Haklarında terör örgütü üyeliği/yöneticiliği suçlaması olup bu nedenle soruşturma geçiren kişileri HDP’nin ısrarla aday göstermesi HDP'nin iyi niyetli olmadığını ve problem çıkarmak istediğini gösteriyor. Sabıkası, soruşturması olmayan kimseleri aday göstermek yerine bu tarz problem olan kişileri seçmesi toplumu germek istediğini, huzur istemediğini gösteriyor.
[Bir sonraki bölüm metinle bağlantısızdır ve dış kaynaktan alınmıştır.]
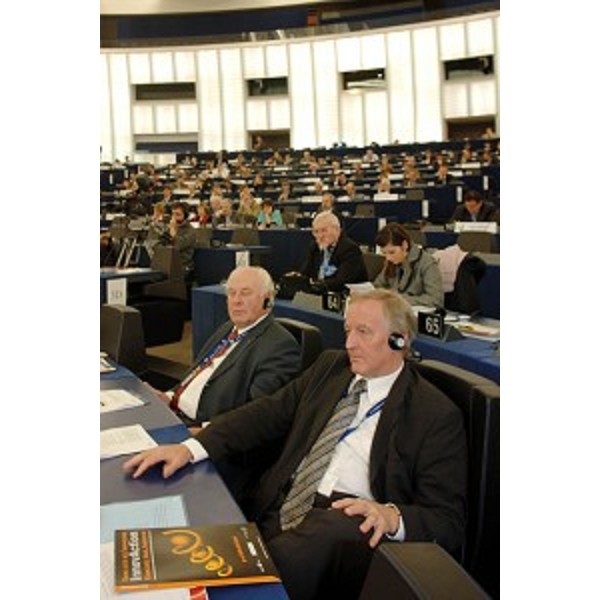 Straub ad assemblea ARE (Strasburgo, 24/11/05)
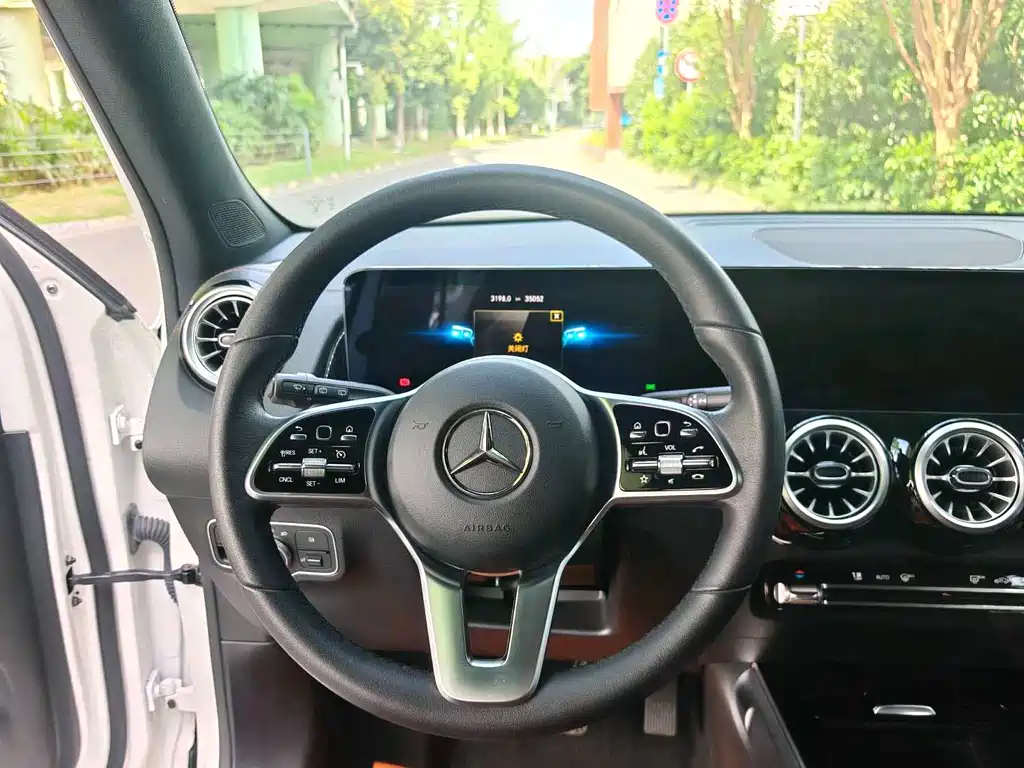 Mercedes-Benz GLB 2022 — фото 6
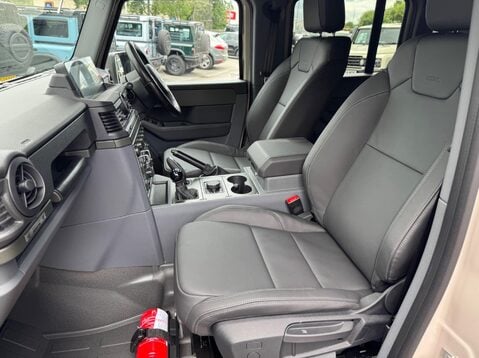 Ineos Grenadier 3.0P 1924 Station Wagon Auto 4WD Euro 6 (s/s) 6dr 37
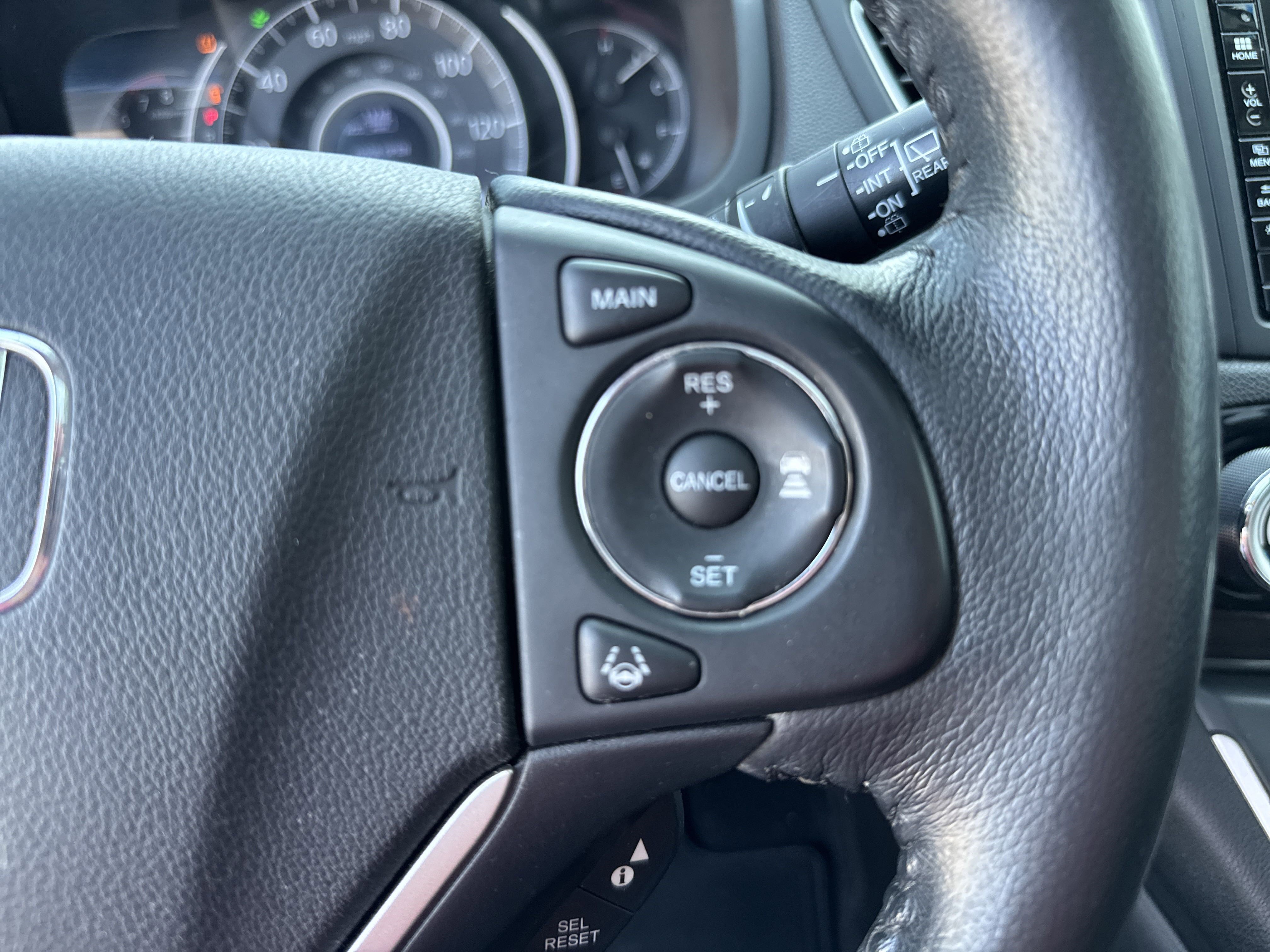 Used 2015 Honda CR-V Touring image 30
Teröristin adını caddeye verir, terör mağdurlarını işten çıkarır, terör nedeniyle işten atılmış kişiyi dolaylı yoldan işe alır, milletin parasıyla teröre lojistik sağlarsanız devlet buna izin vermez. Eş başkan diye icat ettikleri bir uygulama ile Kandil’den ismi gelen birini seçilmiş başkanın yanına koyarak belediyede en üst görevlerde yetkilendiriyorlar. Belediye ile terör ilişkisi kabul edilemez. Belediyenin görevi Kandil’e adam, oradan talimatla iş yapmak göndermek değildir. Bunu hiçbir devlet kabul etmez.
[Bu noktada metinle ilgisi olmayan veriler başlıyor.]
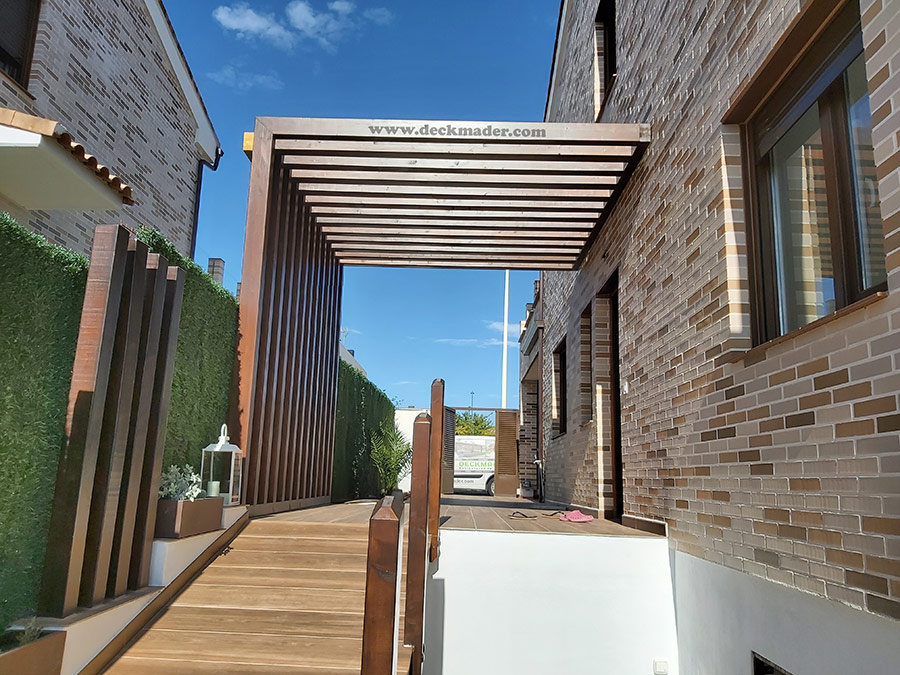 Pérgola de madera para entrada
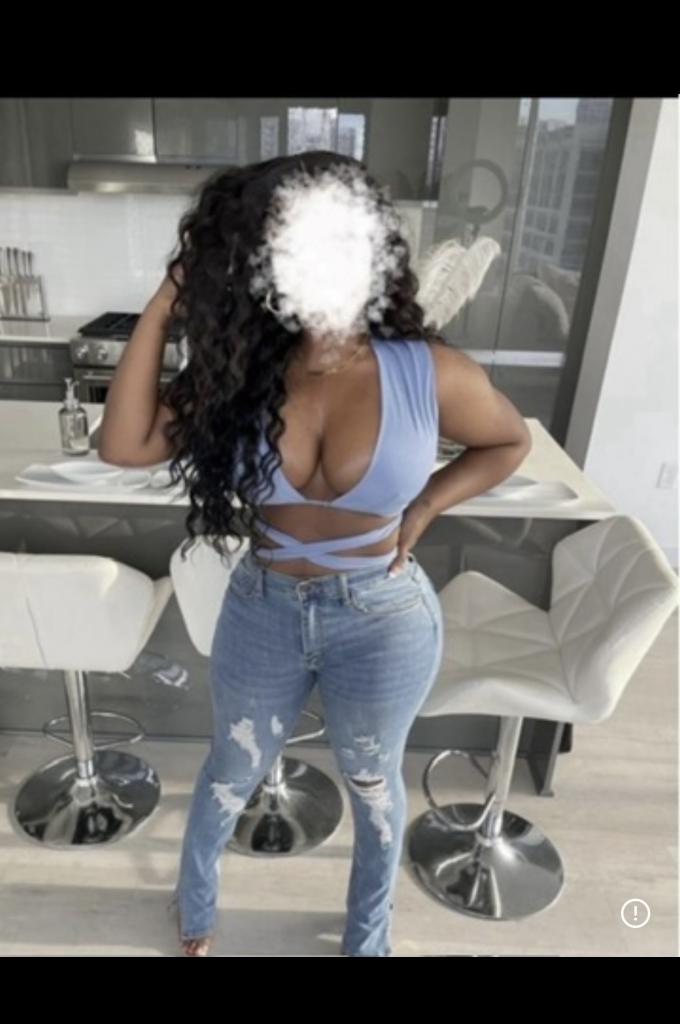 632779229: Chica busca chico en Barcelona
Ancak, iyi hal kağıdı verilerek
adaylığına itiraz edilmeyen, seçim propagandası yaparken müdahale edilmeyen,
kazananlarına mazbata verildikten dört ay sonra görevden uzaklaştırma sebebi
topluma makul ve mantıklı bir yol ile izah edilmelidir. Burada ilk akla soru şudur; “Madem
bunlar belediye başkanlığından alınacak kadar terör suçlusuydu, bunların seçimlere
girmesine niçin izin verildi, neden ses çıkarılmadı?” Bugünler için hazırlık mı
yapıldı? Çözüm sürecinde de benzer bir durum yaşanmıştı. PKK belediyelerin
imkân ve araçlarını kullanarak hendekler, tüneller açarken, patlayıcılar
depolarken devlet o zaman da bunlara göz yummuş, valilere ‘bunlara dokunmayın’
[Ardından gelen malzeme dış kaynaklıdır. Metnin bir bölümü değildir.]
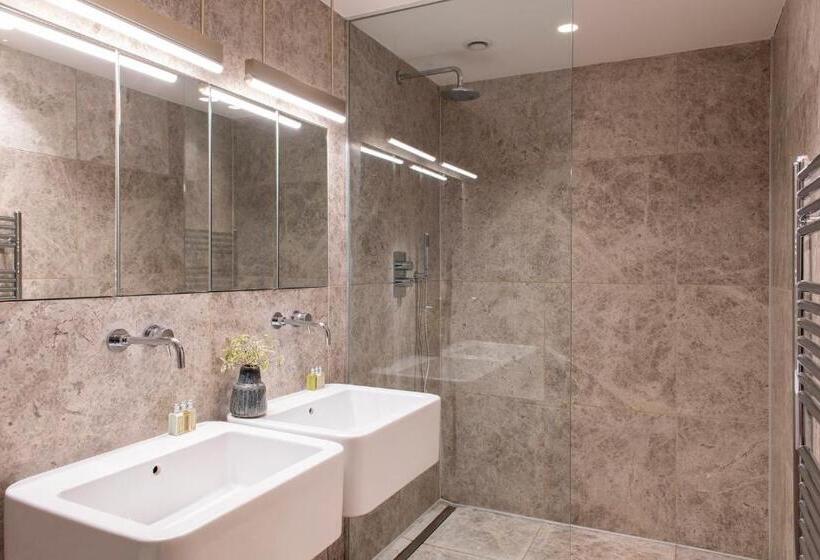 Апартаменты 3 Спальни, Cove Arne Street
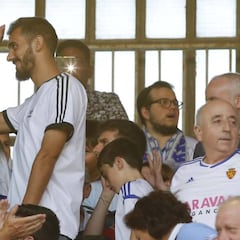 El hincha infiltrado y un Panda en La Romareda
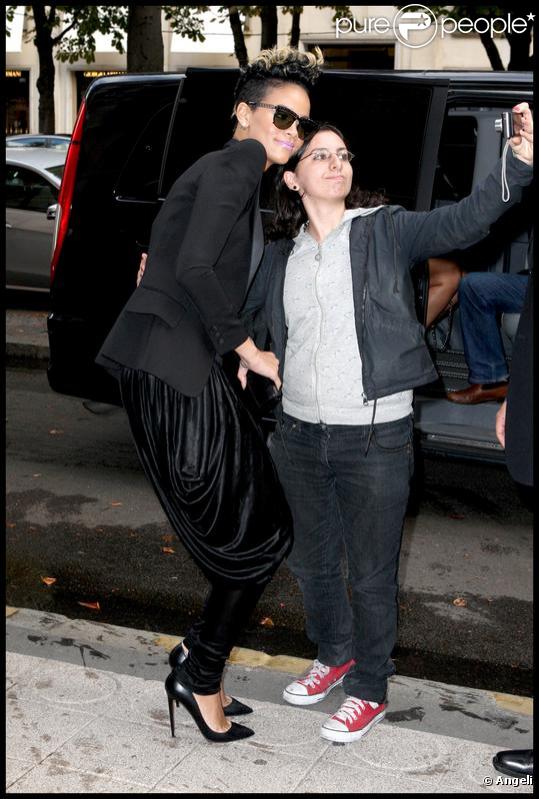 Rihanna devant son hôtel a pris le temps de poser avec ses fans ! Le 1/10/09 à Paris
diye talimat verilmişti. Türkiye’nin kanayan yarası olan böyle bir meselede
devlet pusuya yatıp tuzak kurabilir mi? Bu şekildeki bir yöntem ve yönetimle
Kürtler ile diyalog kurabilmek ve desteklerini alabilmek oldukça zor gözüküyor
Toplum oy hakkının
işlevsiz hale getirilmesine vicdanen karşı çıkar. İstanbul’un yenilenen
seçimlerindeki “adaletsizlik” hikâyesi bunun en son örneğidir. Kürt oylarını
kazanabilmek için Öcalan’dan mektup getirildi, kırmızı bültenle aranan
kardeşi Osman Öcalan TRT Kürdi’ye çıkarıldı. Buna rağmen
İstanbul’daki Kürtlerin büyük çoğunlukla Ekrem İmamoğlu’na oy verdiği seçim
sonuçlarından anlaşılıyor.
Diyarbakır, Van ve
Mardin büyükşehir belediyeleri seçimden önce zaten kayyumlar tarafından
yönetiliyordu. Peki, seçime gidildiğinde ne oldu? Diyarbakır’da 62,9’la, Van’da
53,8’le, Mardin’de 56,2’yle seçimi HDP aldı. Seçilmiş başkanların görevlerinden
uzaklaştırılmaları, seçime ne gerek
vardı anlayışını doğuruyor. Yerel yönetim seçimlerini kayyumdan, HDP’yi de
terörden arındırmadan bu işin içinden çıkmak mümkün görülmüyor.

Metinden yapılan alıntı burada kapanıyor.